C'est au Comité des Etablissements de Crédit et des Entreprises d'Investissement (CECEI) qu'il reviendra de trancher sur l'affaire BNP-Paribas-SG. La victoire haut la main de la BNP sur Paribas est encore insuffisante pour la constitution du projet SBP. En cause, l'avenir de la Société Générale (SG) dépend de l'arbitrage des autorités bancaires françaises.
Au terme de sa double OPE, la BNP détient désormais une majorité de 65% du capital de Paribas, mais sa participation dans le capital de la SG ne dépasse guère 36,8%. Pour l'instant, cette situation n'éclaircit qu'une seule chose: l'enterrement du projet du mariage Paribas-SG. En effet, la Société Générale n'a réussi à recueillir que 26,3% du capital et 26,4% des droits de vote de Paribas, ce qui est inférieur à la minorité de blocage (33%). Ceci enterre donc de fait la fusion que les dirigeants de ces banques projetaient depuis début février.
Le CECEI, présidé par le gouverneur de la Banque de France, se tiendra demain et tranchera donc de façon définitive sur la création d'une méga-banque française constituée par ces trois entités. S'il considère que la part de la Société Générale apportée à la BNP est insuffisante et constitue davantage un minorité de blocage que de contrôle, il pourra interdire cet apport de titres et la SG restera indépendante. Dans le cas contraire, il donnera son feu vert à la constitution du projet SBP, sachant que les autorités monétaires ont toujours réitéré leur préférence pour une solution franco-française.

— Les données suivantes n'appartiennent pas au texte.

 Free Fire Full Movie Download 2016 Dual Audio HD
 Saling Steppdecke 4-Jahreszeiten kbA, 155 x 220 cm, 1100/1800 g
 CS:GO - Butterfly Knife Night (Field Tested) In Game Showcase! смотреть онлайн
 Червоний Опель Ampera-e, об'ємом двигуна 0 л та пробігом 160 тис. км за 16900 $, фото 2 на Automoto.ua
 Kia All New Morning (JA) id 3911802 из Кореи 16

Les partisans d'une SG indépendante estiment que la banque pourra rapidement nouer une alliance européenne. En effet, ce ne sont pas les potentiels partenaires qui manquent. Sont cités en premier la banque espagnole BSCVH et l'assureur britannique CGU qui sont déjà actionnaires de la SG. Ces partenaires ne sont pas restés les bras croisés face au projet de la SBP en augmentant leur participation dans le capital de la banque française.

Les tenants du projet SBP relèvent un certain déséquilibre dans ces éventuels partenariats étant donné que des alliances de la SG avec des étrangers plus forts qu'elle risquent de la «phagocyter».

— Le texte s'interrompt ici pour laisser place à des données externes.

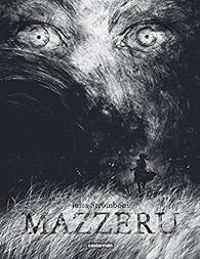 Couverture du livre Mazzeru - Jules Stromboni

«Au lieu de cela, il vaudrait mieux créer un champion franco-français, qui sera suffisamment puissant pour d'éventuels partenariats à venir», estiment-ils.

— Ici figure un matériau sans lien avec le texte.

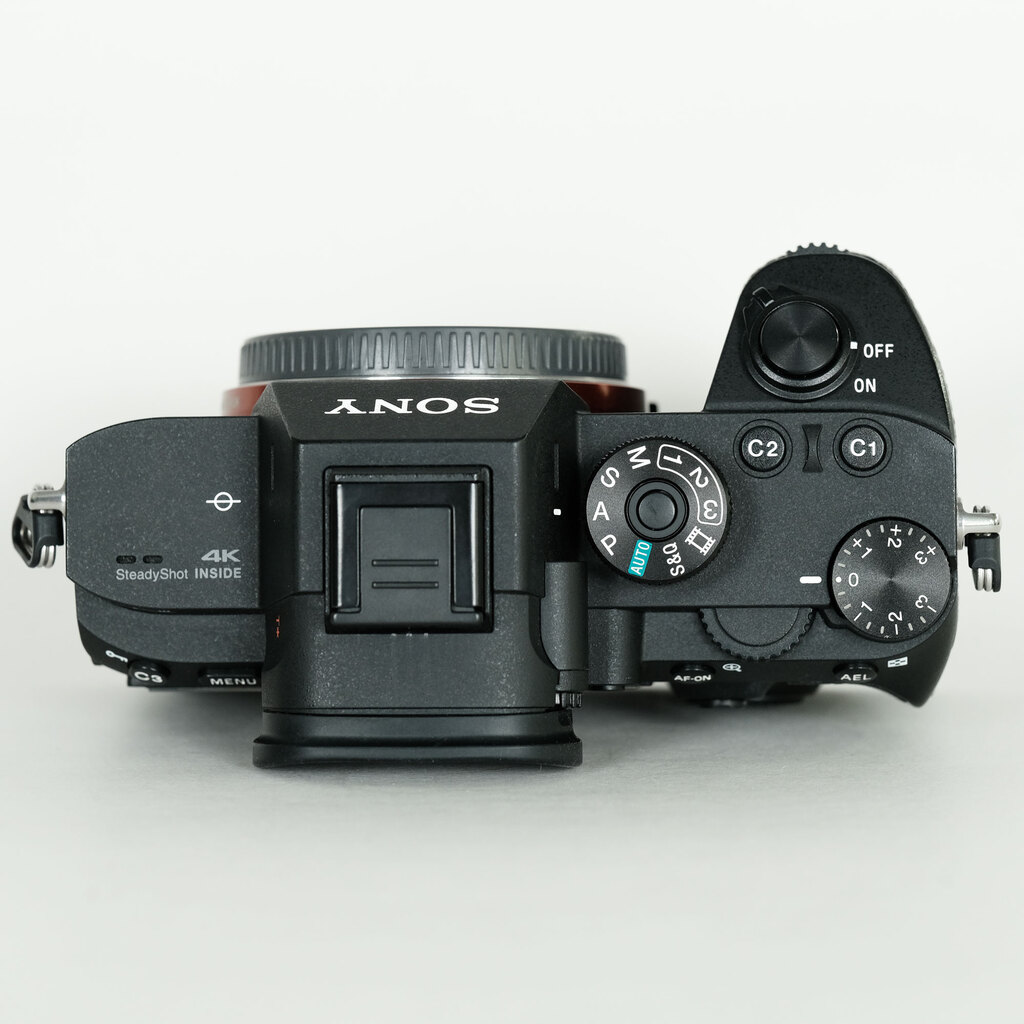 SONY α7R III（ILCE-7RM3）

En attendant le verdict du CECEI, la BNP estime que sa participation de 36,8% au capital de la SG lui confère le contrôle effectif de cette banque. Cependant, cette dernière n'est pas du même avis. Dans un communiqué, elle souligne que la BNP n'a pas pris le contrôle de la SG puisqu'elle a recueilli moins de deux tiers des droits de vote.
De son côté, la BNP rétorque que «plus de la moitié du capital cumulé de la Société Générale et Paribas a été apportée à la BNP. Les titres apportés représentent l'équivalent de 110 milliards de Francs, soit le montant le plus élevé jamais atteint par une opération de ce type sur la place financière de Paris».


Rôle du CECEI


Le CECEI, Comité des Etablissements de Crédit et des Entreprises d'Investissement, est l'une des autorités de régulation qui, comme dans plusieurs pays, veille sur le secteur bancaire. Ce comité est en particulier chargé de l'agrément des établissements de crédit et doit autoriser les modifications significatives dans la vie de ces établissements. En France, la loi prévoit que toute prise de participation dépassant 10%, ainsi que la prise de contrôle d'une banque, passe par le feu vert du CECEI.